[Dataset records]
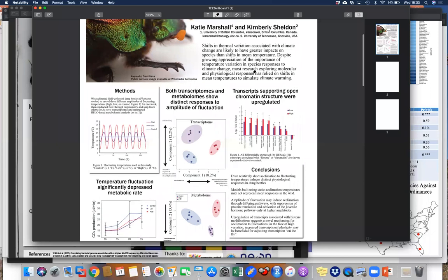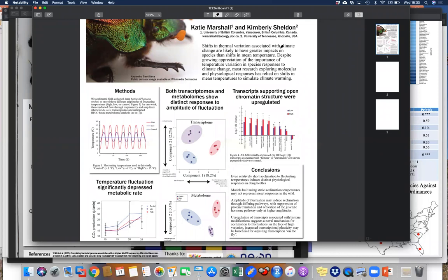I like having a modified intro or abstract section on the poster, especially now that people aren't printing abstract books to carry around anymore. Thank you so much — I'll send that resource link around at the end for everyone.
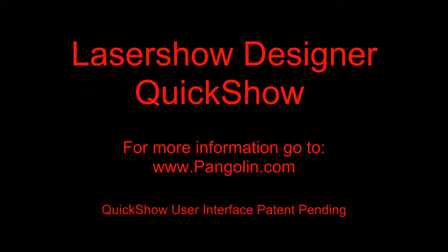Over the past six minutes, we've barely scratched the surface of what can be done with QuickShow. For a more in-depth view, see the QuickShow tutorial videos located on the Pangolin website.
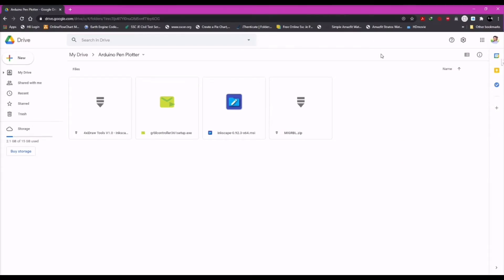So these are the four files that are required. The links are given in the description below for the Google Drive. There is a folder and within that folder you will find all of these four files.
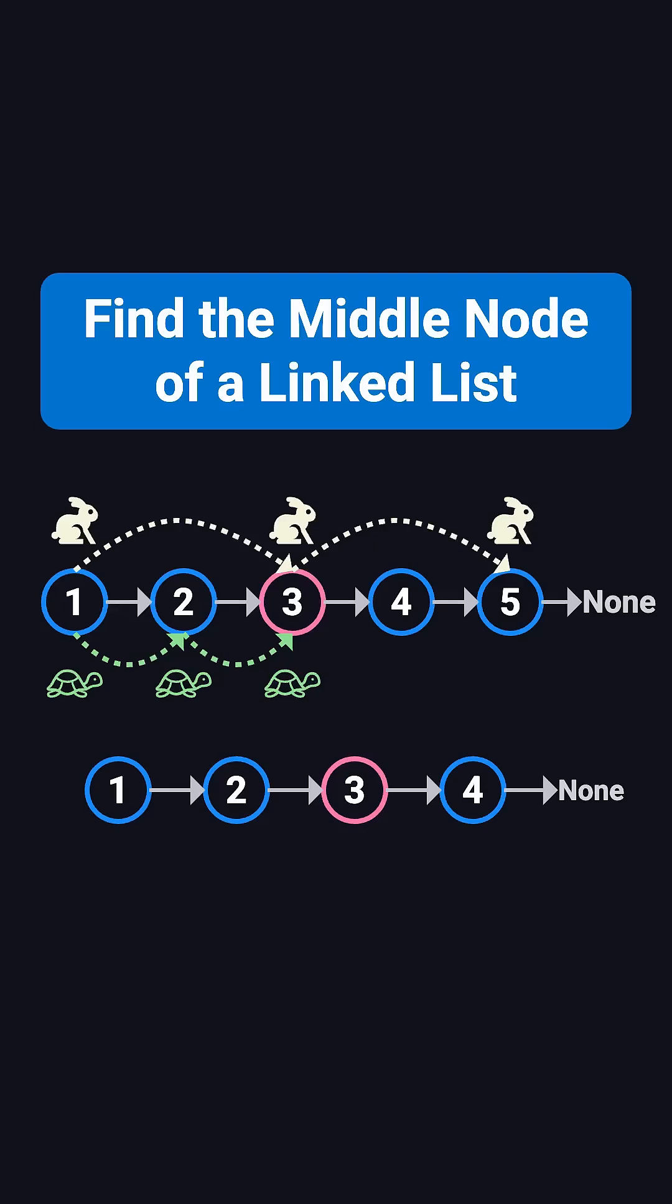Today, I'm going to walk you through a classic linked list problem, finding the middle node of a linked list.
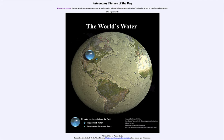We get an idea that even though we call ourselves the water planet, we really are not. While three quarters of our surface may be covered in water, the amount of water relative to the size of Earth is actually incredibly small, and most of our planet is simply a dry rock and metal with just a tiny bit of water on top.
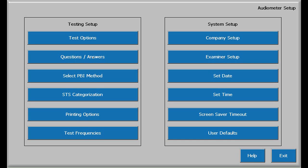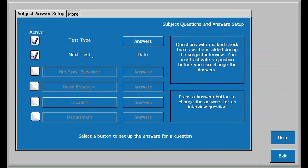Touching Questions and Answers will allow customization of demographic questions and answers related to the subject or employee's audiogram test. If checked, the questions and answers can be entered before, during, or after the test is complete. Fifteen questions and answers on two display screens can be selected and edited. The first two questions, test type and next test date, can only be checked for selection. While the test type answers can be changed, I don't recommend it, because baseline comparisons are based on these answers.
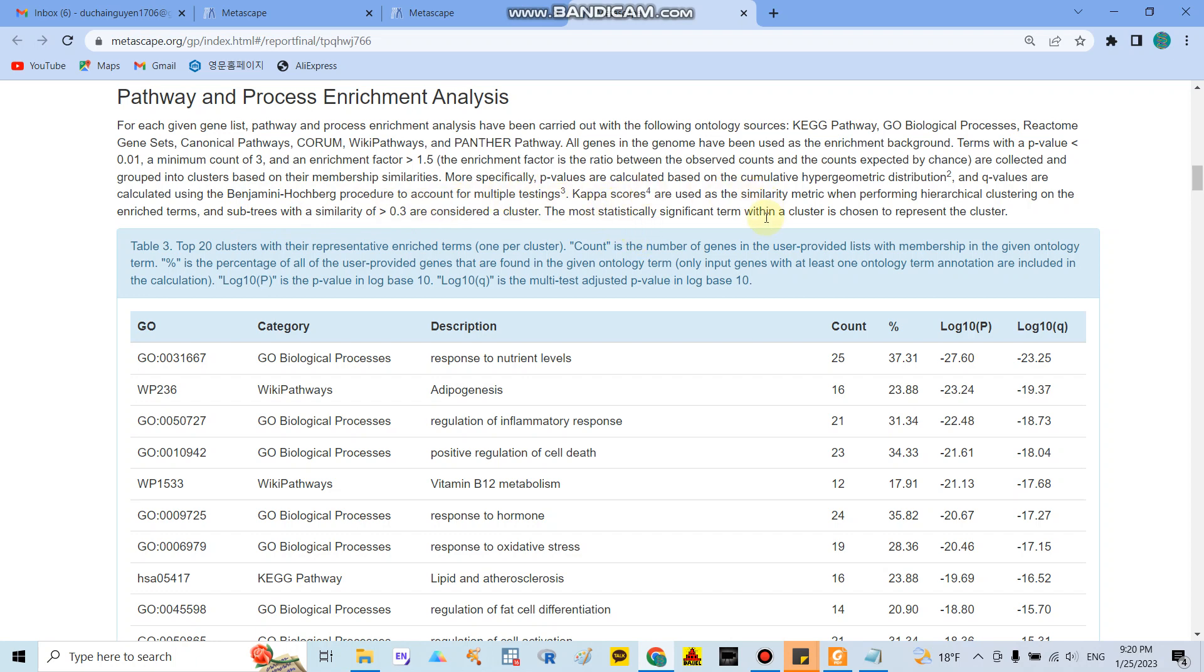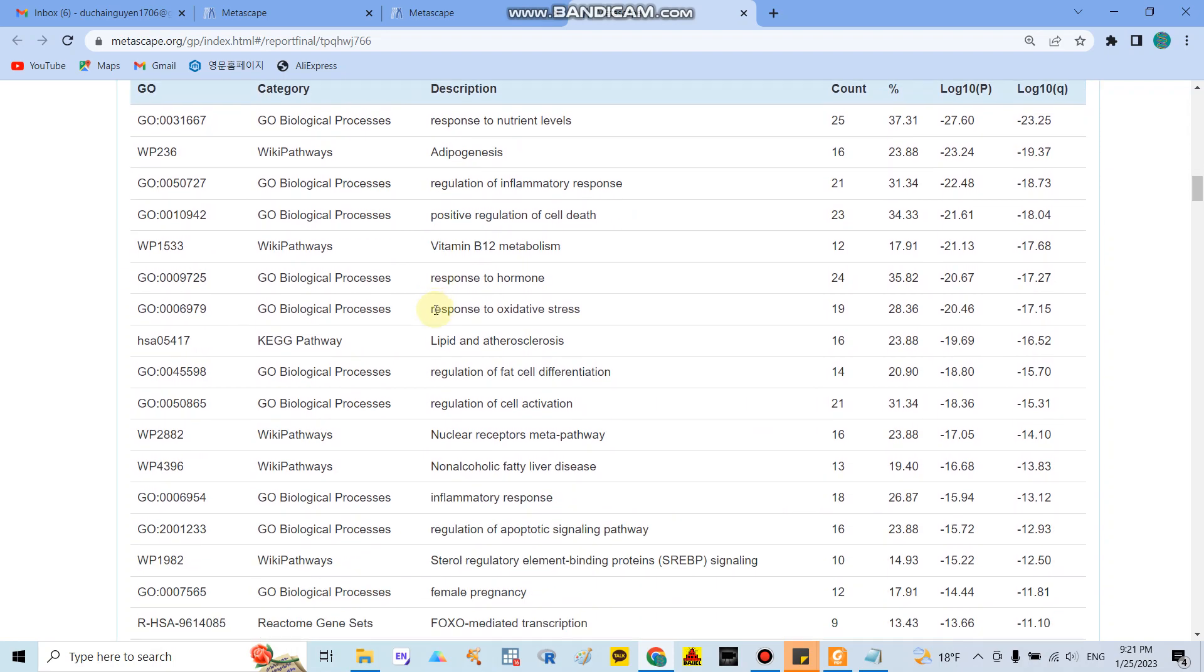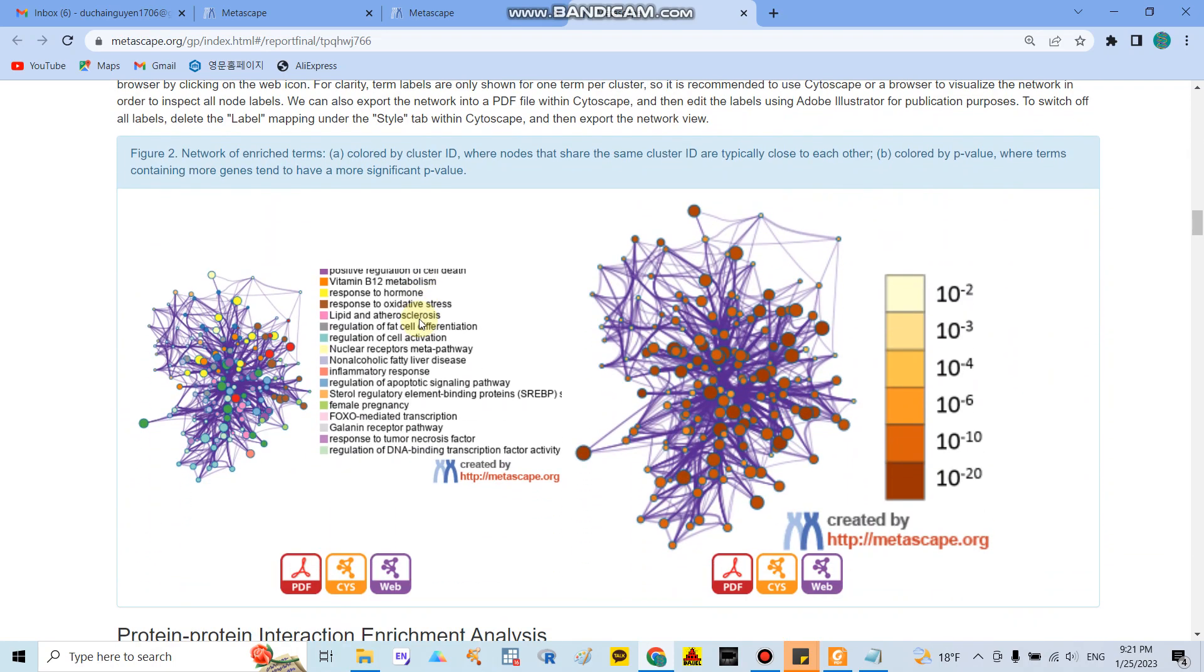And they use a lot of technique, for example they use the Benjamini Hochberg procedure to account the multiple test terms and they use the kappa score in the similarity matrix to and the sub-tree similarity over 0.3. In here if you use the cytoHubba, cytoHubba in this software I show in here, you need to set every item at the bottom to help to get the data. But here very convenient only one click and you can see a lot of results.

*PROBLEM REQUIREMENTS:* Could the lines above be copied out exactly, with no image carried over?

*ANSWER FOR THE TASK:*
I like having a modified intro or abstract section on the poster, especially now that people aren't printing abstract books to carry around anymore. Thank you so much — I'll send that resource link around at the end for everyone.
Over the past six minutes, we've barely scratched the surface of what can be done with QuickShow. For a more in-depth view, see the QuickShow tutorial videos located on the Pangolin website.
So these are the four files that are required. The links are given in the description below for the Google Drive. There is a folder and within that folder you will find all of these four files.
Today, I'm going to walk you through a classic linked list problem, finding the middle node of a linked list.
We get an idea that even though we call ourselves the water planet, we really are not. While three quarters of our surface may be covered in water, the amount of water relative to the size of Earth is actually incredibly small, and most of our planet is simply a dry rock and metal with just a tiny bit of water on top.
Touching Questions and Answers will allow customization of demographic questions and answers related to the subject or employee's audiogram test. If checked, the questions and answers can be entered before, during, or after the test is complete. Fifteen questions and answers on two display screens can be selected and edited. The first two questions, test type and next test date, can only be checked for selection. While the test type answers can be changed, I don't recommend it, because baseline comparisons are based on these answers.
And they use a lot of technique, for example they use the Benjamini Hochberg procedure to account the multiple test terms and they use the kappa score in the similarity matrix to and the sub-tree similarity over 0.3. In here if you use the cytoHubba, cytoHubba in this software I show in here, you need to set every item at the bottom to help to get the data. But here very convenient only one click and you can see a lot of results.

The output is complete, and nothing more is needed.